◆ **Task prompt**:
Repeat, word for word, every line from the line holding "ایرآسیای مالزی به" through the final line of the entries below. Skip all pictures.

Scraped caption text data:

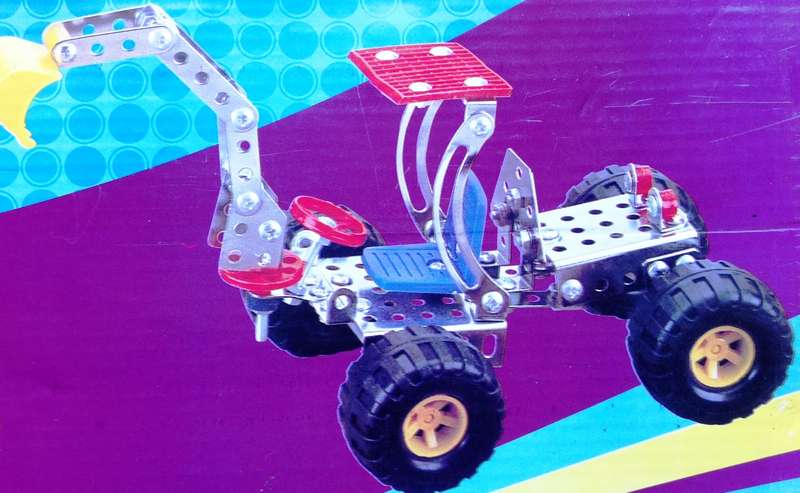 Toy City Brand - DIY Model Dump Truck and Model Bucket Grab - 330 Pieces - Ages 6 years plus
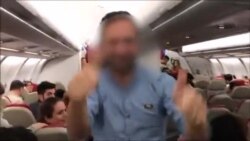 ایرآسیای مالزی به دلیل انتشار ویدیوی رقص مسافران و خدمه پرواز، تذکر می‌گیرد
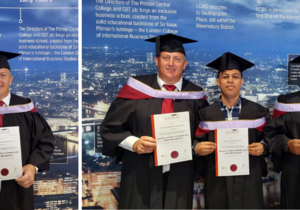 Trotse Gradeplegtigheid vir Brandweermanne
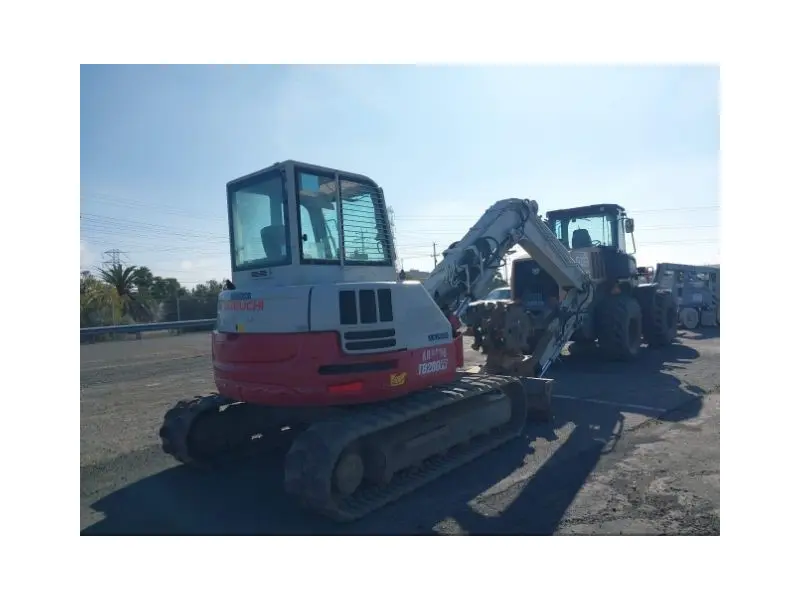 2017 TAKEUCHI TB280FR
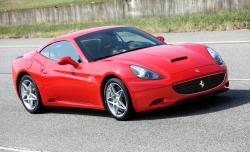 2010 Ferrari California #10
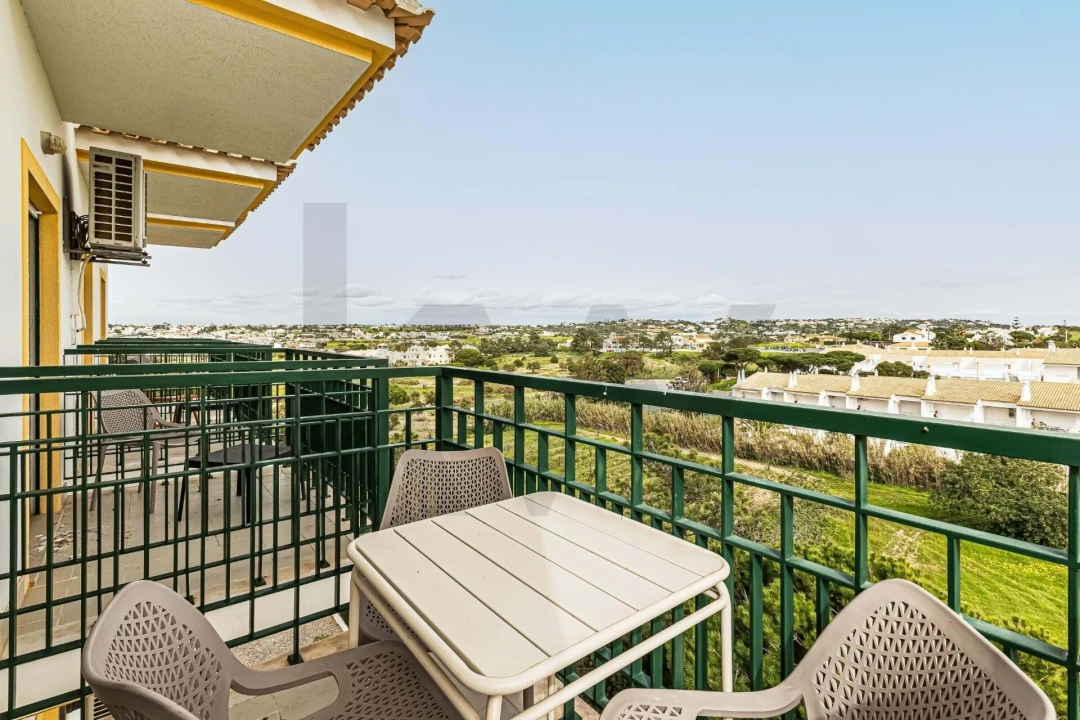 Apartamento T2 para Arrendamento férias em Guia Foto 22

◆ **Response box**:
 ایرآسیای مالزی به دلیل انتشار ویدیوی رقص مسافران و خدمه پرواز، تذکر می‌گیرد
 Trotse Gradeplegtigheid vir Brandweermanne
 2017 TAKEUCHI TB280FR
 2010 Ferrari California #10
 Apartamento T2 para Arrendamento férias em Guia Foto 22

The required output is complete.